Esta vez traía mantequilla de ajo y chile en escabeche. Me dijo que eligiera uno de los dos y le dije que quería ambos, pero que por favor me dejara pagarlos. Vi sus ojos humedecerse mientras me decía que no podía cobrarme. La conversación fue algo asī:
— Seño, le traje un chilito en escabeche del que tanto le gusta a su hijo.
— Gracias, doña Gladys. Usted es muy linda conmigo, pero quiero decirle que usted no tiene por qué regalarme sus productos tan ricos.

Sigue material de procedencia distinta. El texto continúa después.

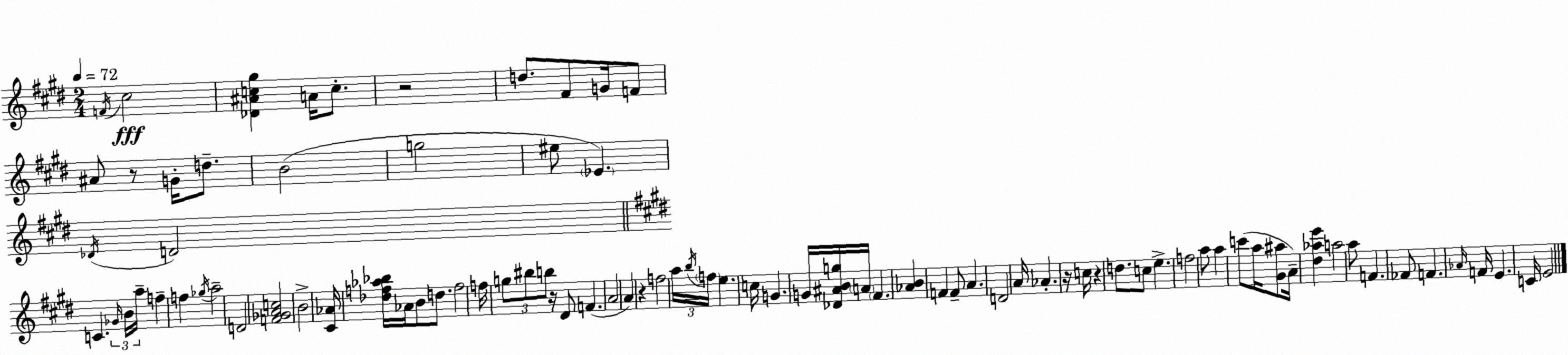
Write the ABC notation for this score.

X:1
T:Untitled
M:2/4
L:1/4
K:E
F/4 ^c2 [_D^Ac^g] A/4 c/2 z2 d/2 ^F/2 G/4 F/2 ^A/2 z/2 G/4 d/2 B2 g2 ^e/2 _E _D/4 D2 C _G/4 B/4 a/4 f f _g/4 a2 D2 [F_GAc]2 B2 [^C_A]/4 [_df_a_b]/4 _A/4 B/2 d/2 f2 f/4 g/2 ^b/2 b/2 z/4 ^D/2 F A2 A z f2 a/4 b/4 f/4 e c/4 G G/4 [_D^ABg]/4 A/4 ^F [_AB] F F/2 A D2 A/4 _A z/4 c/4 z d/2 c/2 e f2 a/2 a c'/2 a/4 [^G^a]/2 A/4 [^d_ae'] a2 a/2 F _F/2 F _A/4 F/4 E C/4 E2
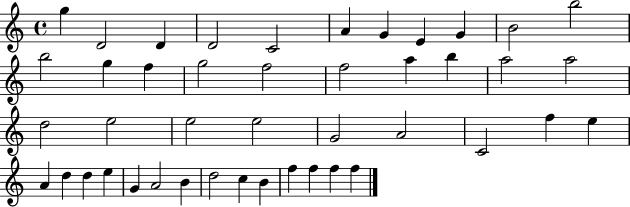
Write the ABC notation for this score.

X:1
T:Untitled
M:4/4
L:1/4
K:C
g D2 D D2 C2 A G E G B2 b2 b2 g f g2 f2 f2 a b a2 a2 d2 e2 e2 e2 G2 A2 C2 f e A d d e G A2 B d2 c B f f f f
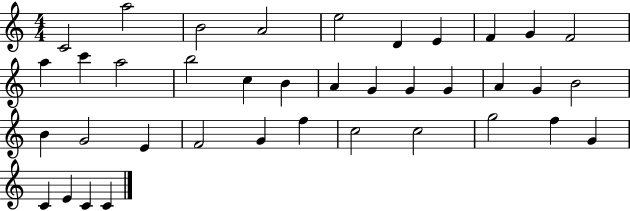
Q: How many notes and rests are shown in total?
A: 38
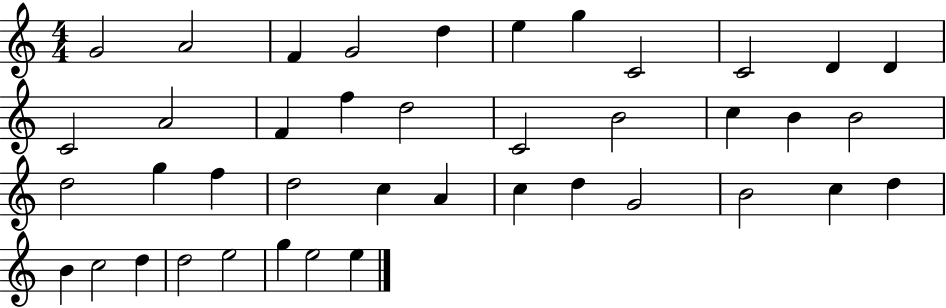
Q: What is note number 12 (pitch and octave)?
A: C4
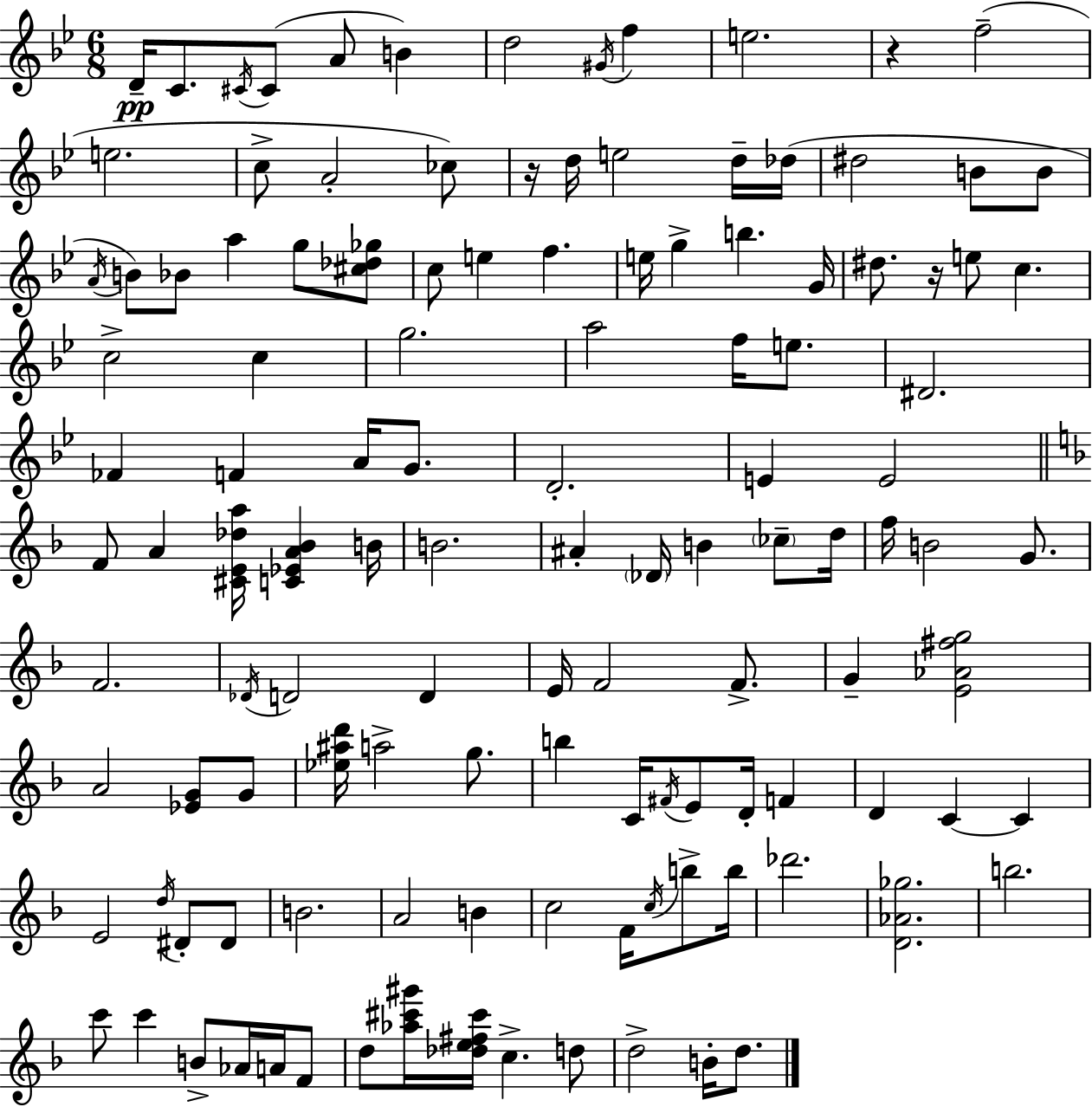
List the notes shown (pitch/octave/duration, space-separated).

D4/s C4/e. C#4/s C#4/e A4/e B4/q D5/h G#4/s F5/q E5/h. R/q F5/h E5/h. C5/e A4/h CES5/e R/s D5/s E5/h D5/s Db5/s D#5/h B4/e B4/e A4/s B4/e Bb4/e A5/q G5/e [C#5,Db5,Gb5]/e C5/e E5/q F5/q. E5/s G5/q B5/q. G4/s D#5/e. R/s E5/e C5/q. C5/h C5/q G5/h. A5/h F5/s E5/e. D#4/h. FES4/q F4/q A4/s G4/e. D4/h. E4/q E4/h F4/e A4/q [C#4,E4,Db5,A5]/s [C4,Eb4,A4,Bb4]/q B4/s B4/h. A#4/q Db4/s B4/q CES5/e D5/s F5/s B4/h G4/e. F4/h. Db4/s D4/h D4/q E4/s F4/h F4/e. G4/q [E4,Ab4,F#5,G5]/h A4/h [Eb4,G4]/e G4/e [Eb5,A#5,D6]/s A5/h G5/e. B5/q C4/s F#4/s E4/e D4/s F4/q D4/q C4/q C4/q E4/h D5/s D#4/e D#4/e B4/h. A4/h B4/q C5/h F4/s C5/s B5/e B5/s Db6/h. [D4,Ab4,Gb5]/h. B5/h. C6/e C6/q B4/e Ab4/s A4/s F4/e D5/e [Ab5,C#6,G#6]/s [Db5,E5,F#5,C#6]/s C5/q. D5/e D5/h B4/s D5/e.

— ¿Cómo no? Si yo sé cómo ser agradecida y a mí me ha ayudado mucho venir por mi medicina, viera cómo me ha caído de bien.
— Claro, yo sé cuánto le ayuda y por eso es por lo que trabajo como voluntaria, para que usted pueda tener una mejor calidad de vida.
— Por favor, recíbamelo, en gratitud por su corazón tan bueno. ¿Cuál de los dos quiere?
— ¿Cuánto cuesta cada uno?
— El chile Q. 20.00 y la mantequilla Q. 15.00
— Hagamos algo: me quedo con los dos, pero si me deja que se los pague. Su mirada se endulzó y sus ojos se humedecieron… Se quedó ahí, por unos segundos, aguantando las ganas de llorar. No dijo nada.
— Por favor, le repetí, déjeme pagarle. Yo sé muy bien que con esto se mantiene. Si de verdad desea hacer algo por mí, por favor téngame en sus oraciones —. Una lágrima rodó por cada una de sus mejillas rosas, mientras me decía quedito:
— Gracias.
Nos abrazamos.
Ella se fue de vuelta a casa, feliz por su medicina y porque oraría por mí. Yo volví a casa feliz porque pude convencerla, recibir sus obsequios y ser agradecida sin el dilema ético que me cuesta manejar.
Algunos dicen que me involucro demasiado y probablemente tienen razón. Pero de algo estoy convencida: tengo conciencia social, el corazón satisfecho y la suerte de poder ofrecer amor y dignidad a quien más lo necesita.